So far the program concerned still can not be started by Windows. The only solution is to "somehow" find the needed DLLs and install them. If this "somehow" does not work, the program can not be used at all.
The more assemblies a program uses, the more conflicts may occur and in many cases more size is required for the installer as well as on disk. A DLL would save disk space, if it is used by a large number of applications. But in practice Microsoft now ships so many different assembly versions, that they increase disk space used instead of saving disk spaceit.
Table 1 shows the most typical ways, a application is assembled and their consequences.
To avoid DLL-Hell in 2010, the best way is:
Don't use public DLLs or assemblies at all.
Don't use the Side-by-side manager.
Include all DLLs privately in the applications bin-directory and use private assemblies as far as possible if assemblies can not be avoided.
The best way to defeat all DLL conflicts is don't use any DLLs at all, but use static libraries instead. Its also possible to bypass the whole side-by-side and all assemblies, if desired. By default, Visual Studio per creates a manifest file for your project, but its easy to remove this in the Project settings and to work the old way, just using the DLLs in your applications folder.
And, of course, none of these options may not be practical for all applications -- for large applications DLLs are a way to keep the executable file small and loading fast, and also to keep things maintainable without reinstalling the whole application.
If in question, statically bound libraries are much better, even if they may cause some redundancy. Also redundancy is not avoidable when different thrid-party DLLs require different versions of one and the same Microsoft DLLs.
DLL-Hell in 2010
Assume you have a new great tool --say, the side-by-side manger that resolves all conflicts and keeps track about everything, if installed properly. That's an improvement. But shouldn't there be some fallback mechanism that makes it possible to get things running? Shouldn't it be possible to use a existing DLL of very similar version that is existing, instead of denying a program to run? The latter is a catastrophe for users and for support (if existent). This seems especially hard to understand in the case of a long concluded part such as the C standard library.

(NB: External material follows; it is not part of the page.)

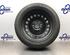 Spare Wheel RENAULT MEGANE IV Hatchback (B9A/M/N_), RENAULT MEGANE E-TECH SUV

And shouldn't there be more straight and distinct information to vendors and to system administrators? Experienced administrators who were confronted with 0xC0150002 in my presence had no idea how to proceed. Amusingly, Microsoft apparently published an article The End of DLL Hell a while ago, but all links to it (even those on www.microsoft.com) point to a page containing the text "This content has been removed".
It is worth noting that DLLs no longer save disk space. In fact, the opposite is the case. If you have a look into the side-by-side repository (found in Windows' WinSXS directory), you will find, that its 5 GB on Windows 7 and even 7 GB on Windows Server 2008, containing 40.000 files with numerous versions of roughly all Microsoft Libraries. That's about 50% of the disk space used by Windows in total. We were needing s solution, but we created a monster.